*What this task involves*. Copying rule for the data below: pictures stay out, and only the lines from the one with "Besa Bombay Pendant" down to the one with "ДЛЯ XPENG P7", inclusive, are repeated exactly.

*Source data*.
+-------+

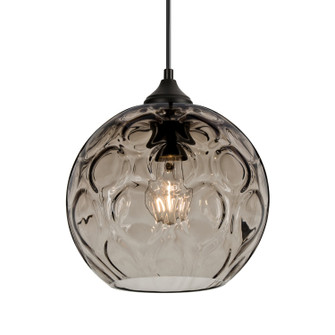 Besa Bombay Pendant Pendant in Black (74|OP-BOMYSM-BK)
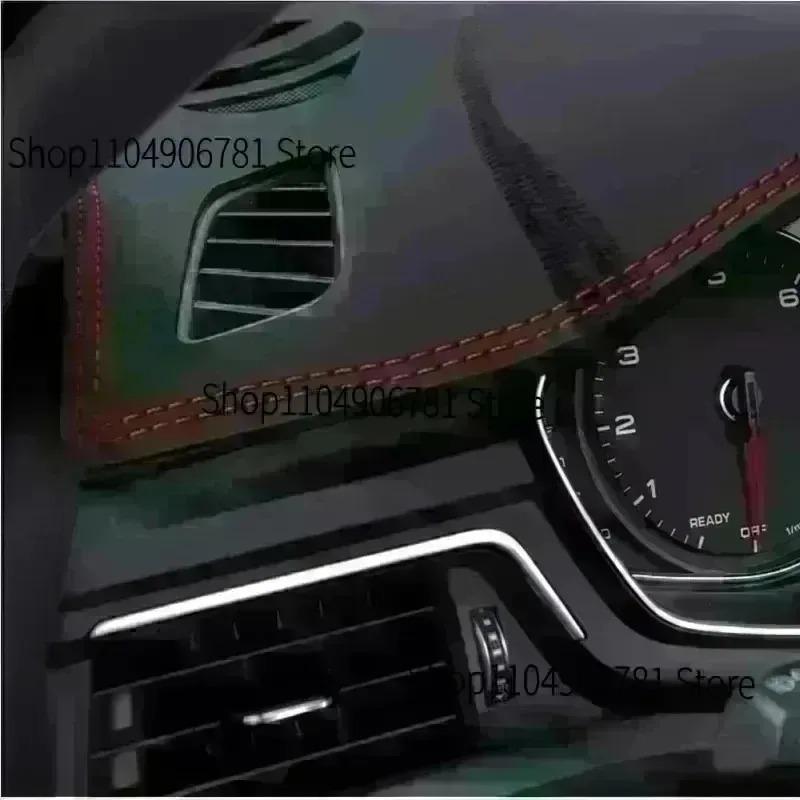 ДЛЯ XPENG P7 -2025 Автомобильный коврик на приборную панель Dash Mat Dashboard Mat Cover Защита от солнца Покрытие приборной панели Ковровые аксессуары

+-------+

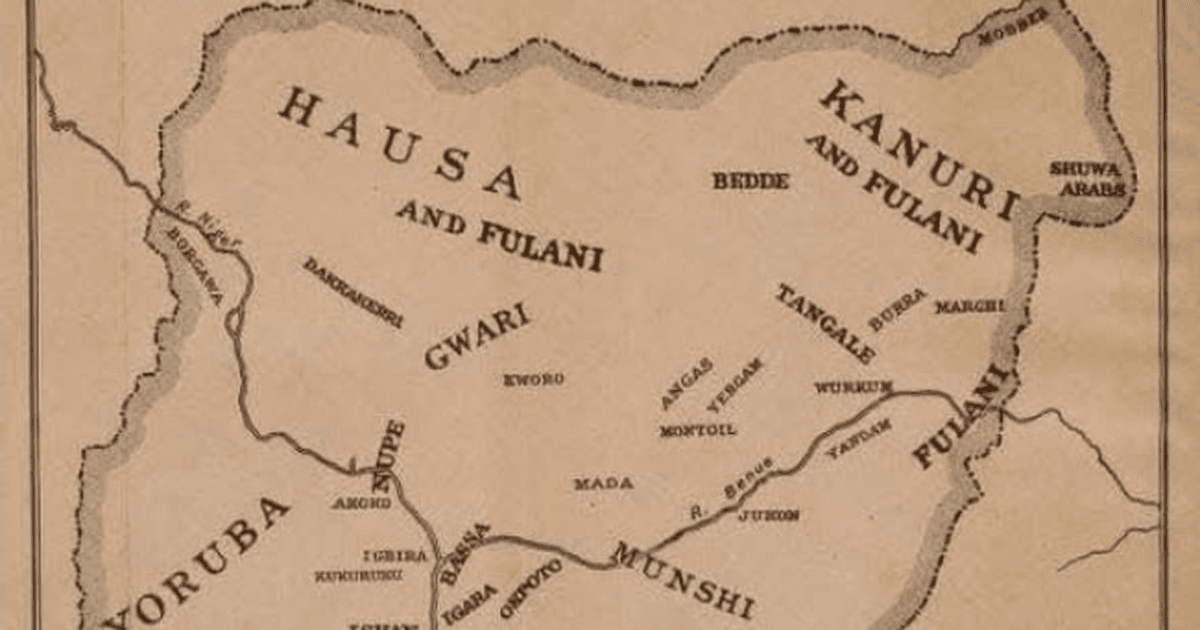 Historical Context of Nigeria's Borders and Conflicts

+-------+

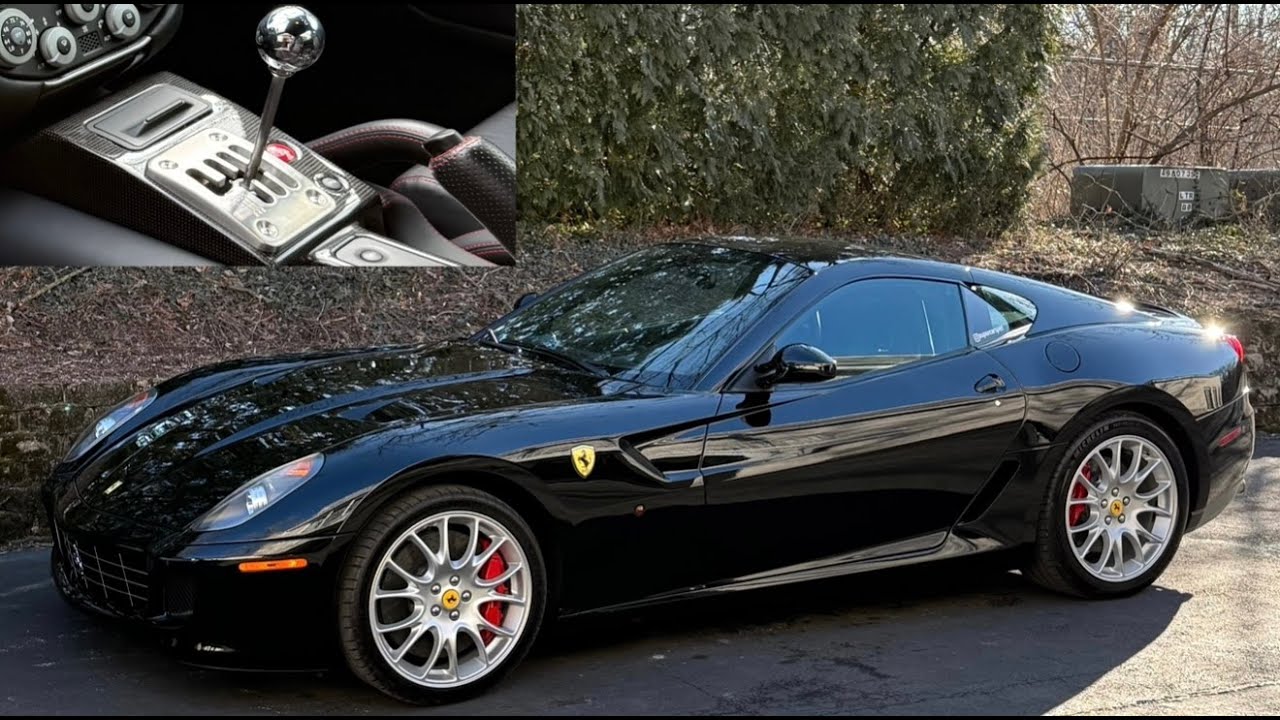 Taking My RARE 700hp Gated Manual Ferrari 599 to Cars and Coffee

+-------+

*Response area*.
 Besa Bombay Pendant Pendant in Black (74|OP-BOMYSM-BK)
 ДЛЯ XPENG P7 -2025 Автомобильный коврик на приборную панель Dash Mat Dashboard Mat Cover Защита от солнца Покрытие приборной панели Ковровые аксессуары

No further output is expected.